50 shades of stub * ADC and ADC with Microchip Microcontroller computer
- POIs - Peripherals Independent of the Core in Microchip microcontrollers, also known as CIP - Core Independent Peripheral.
Previous articles [ 1 ] and [ 2 ] dealt with such parts of the (PNC) Microchip Independent Microcontroller (MC) Core Peripherals such as configurable logic cells and I / O ports with a new useful current limiting function.
Now consider the Analog-to-Digital Converter (ADC) and in particular the new ADC with post-calculator. As you probably already used to, new features of the periphery can help in the implementation of specific functions and simplify the code under the PIC microcontrollers.

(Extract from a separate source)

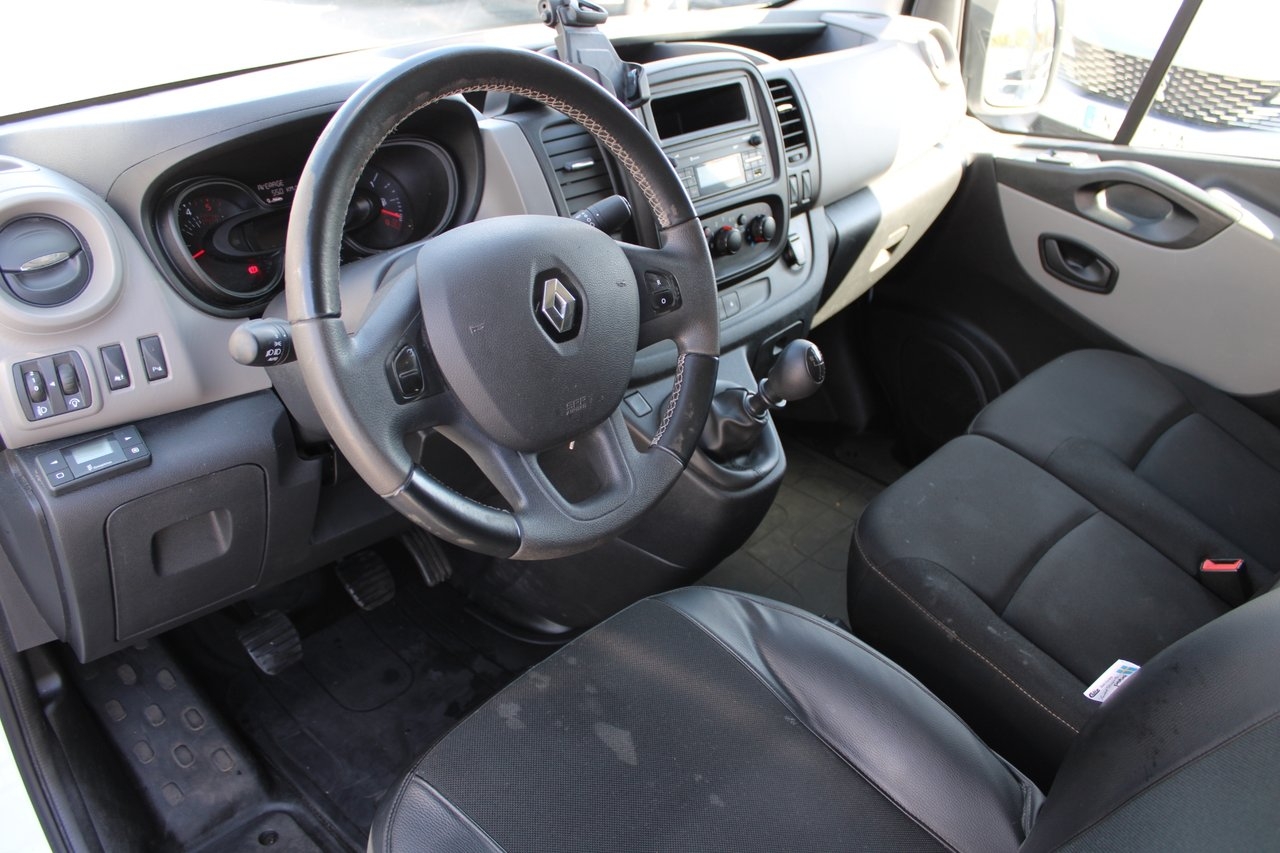 Renault Trafic Skåpbil 2.7t 1.6 dCi Moms 2020, bild 5/11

Unlike the previous parts, this one will have a little more theory and a few less examples.
- Overview of ADC capabilities
- Trigger trigger
- VHD, CVD, Double conversion
- Post-calculator, filtering, averaging
- Configuration Examples
- Autostart, filtering
- Autostart, CVD, averaging, interruption compared to thresholds
- Autostart, Differential CVD, Conversion Series, Averaging
Overview of ADC capabilities
ADC with full confidence can be called Peripheral Independent of the Core, since the ADC has a clocking option from the built-in RC generator and can perform the conversion in the Sleep energy conservation mode. But independence is not limited to this. Many PIC16F1xxx families have an ADC with the possibility of starting on events, and completely new PIC16F188xx families have also received a post-calculator.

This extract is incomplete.